• _Instructions for the task_
Pictures do not belong in the copy. Write out exactly the lines from the one containing "SarahCollyns livejasmin" through the end of the data.

• _Listed entries_
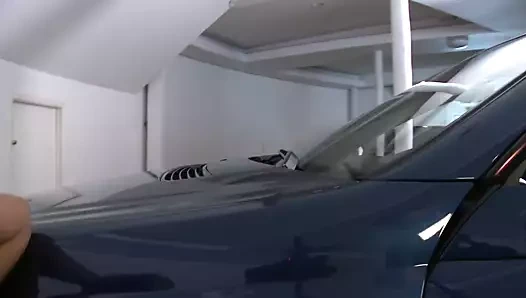 Esmer Romana Ryder Bill Bailey'i baştan çıkarmak için göğüslerini kullanıyor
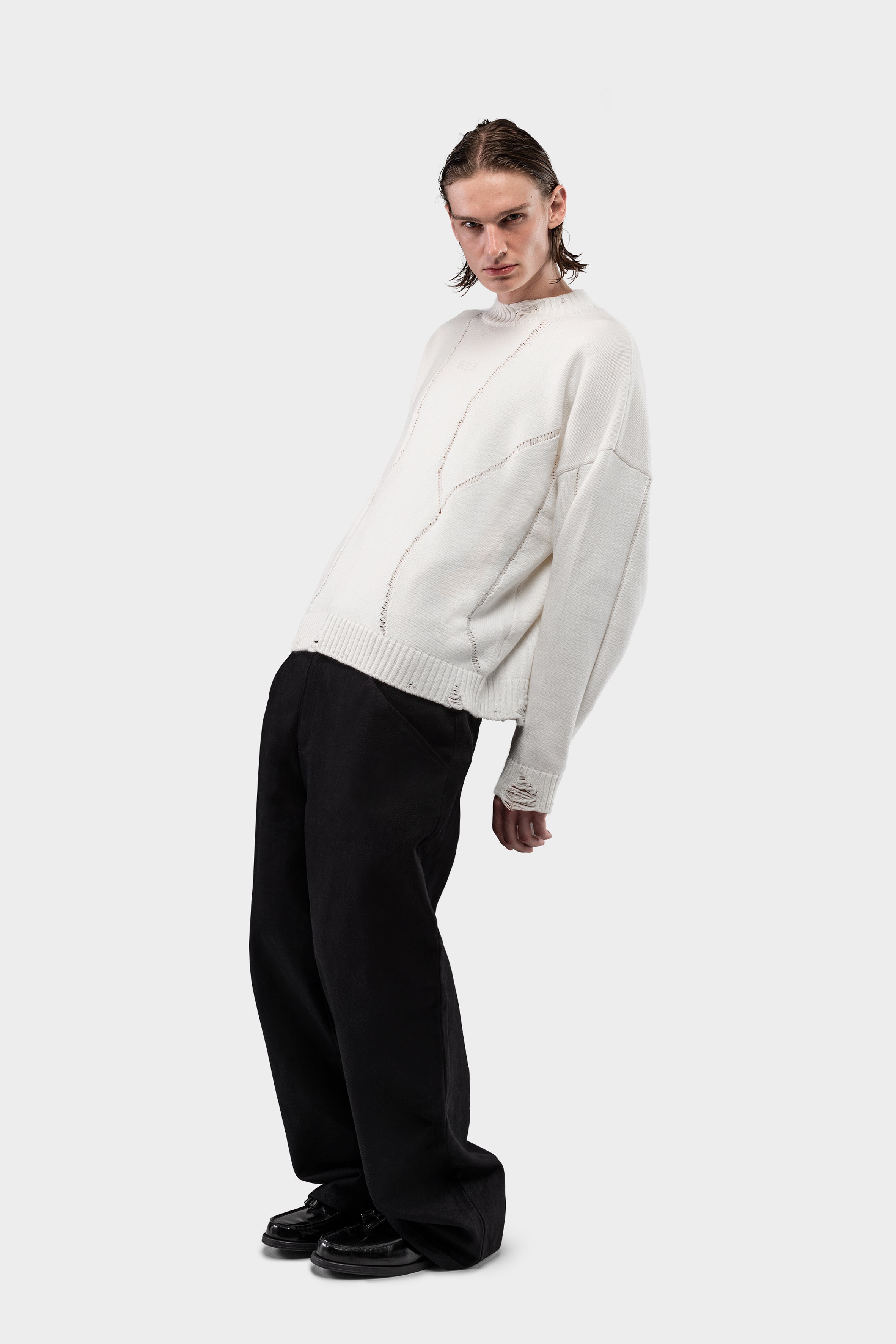 DISTRESSED KNITSWEATER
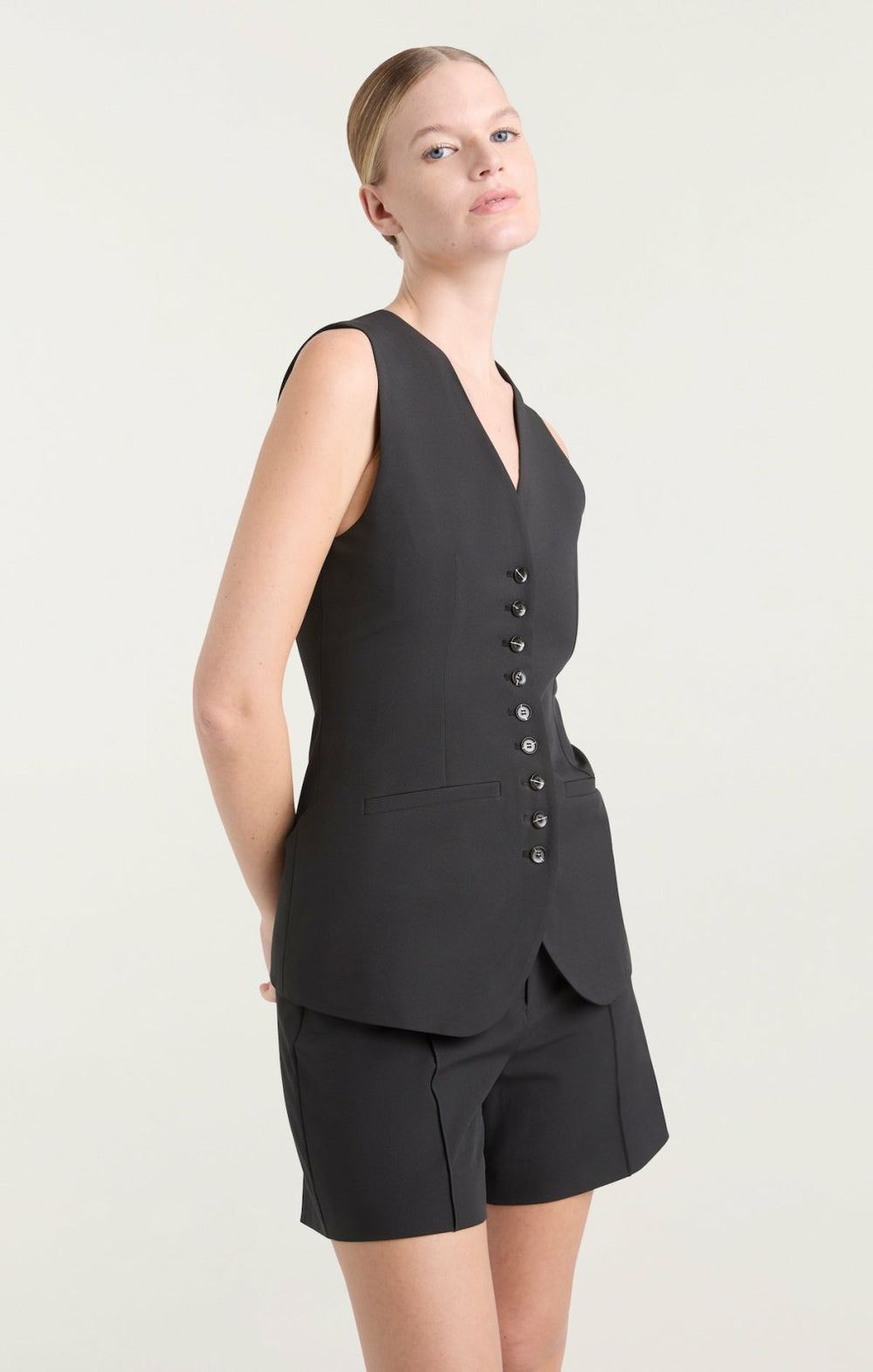 Kallen Vest Black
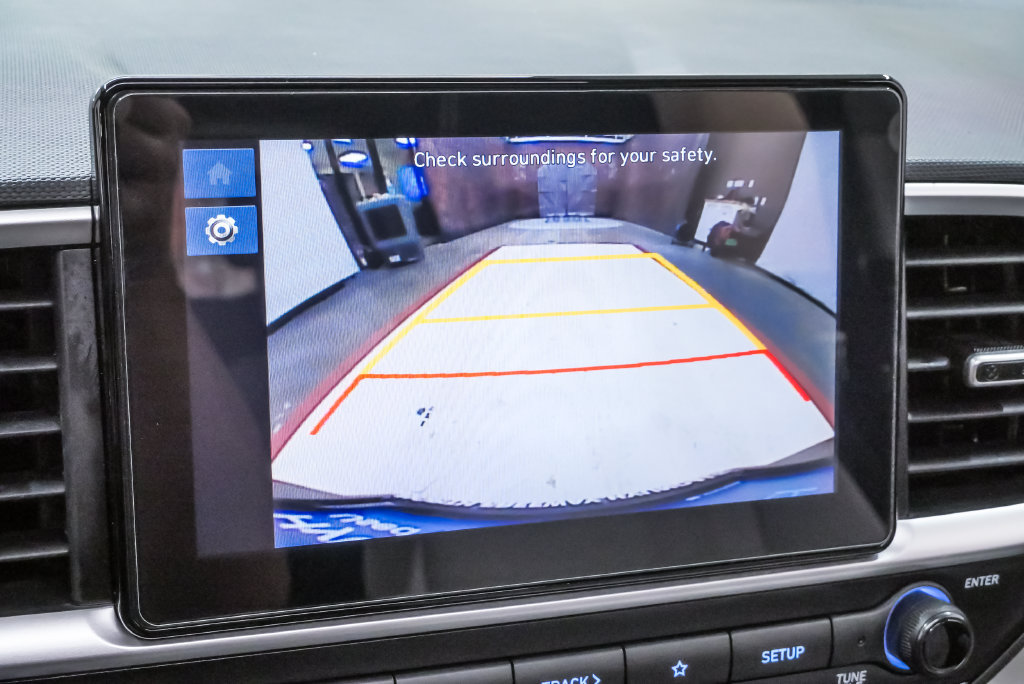 Certified 2024 Hyundai Venue SEL FWD image 24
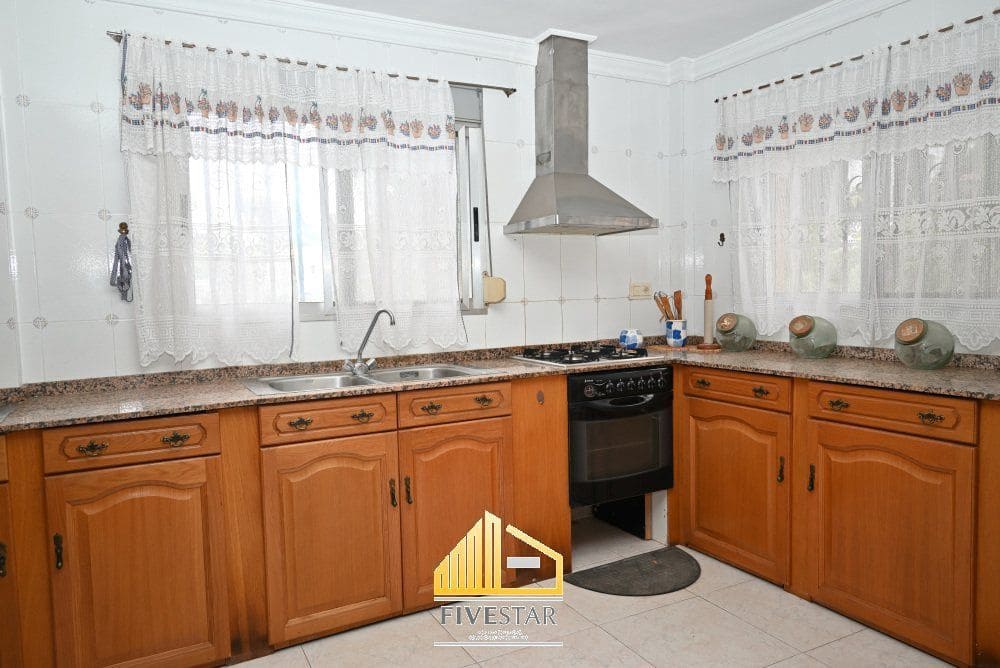 4 soverom Villa til salgs i Montserrat med svømmebasseng garasje - € 399 900 (Ref: 9455821)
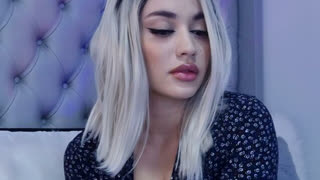 SarahCollyns livejasmin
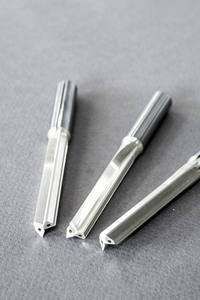 Meilleurs fournisseurs Professionnel ODM OEM Perceuse à cannelure droite à double marge de haute précision Perçage de trous précis CNC - Product Image 2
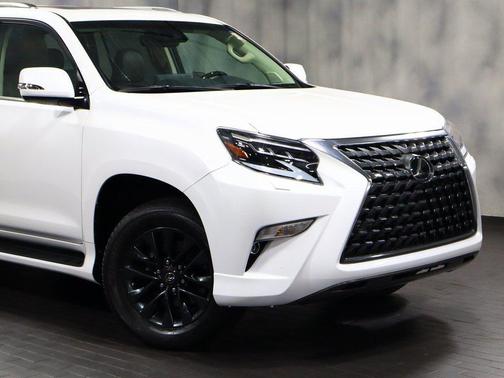 Starfire Pearl 2022 Lexus GX 460 Premium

• _Problem solution_
 SarahCollyns livejasmin
 Meilleurs fournisseurs Professionnel ODM OEM Perceuse à cannelure droite à double marge de haute précision Perçage de trous précis CNC - Product Image 2
 Starfire Pearl 2022 Lexus GX 460 Premium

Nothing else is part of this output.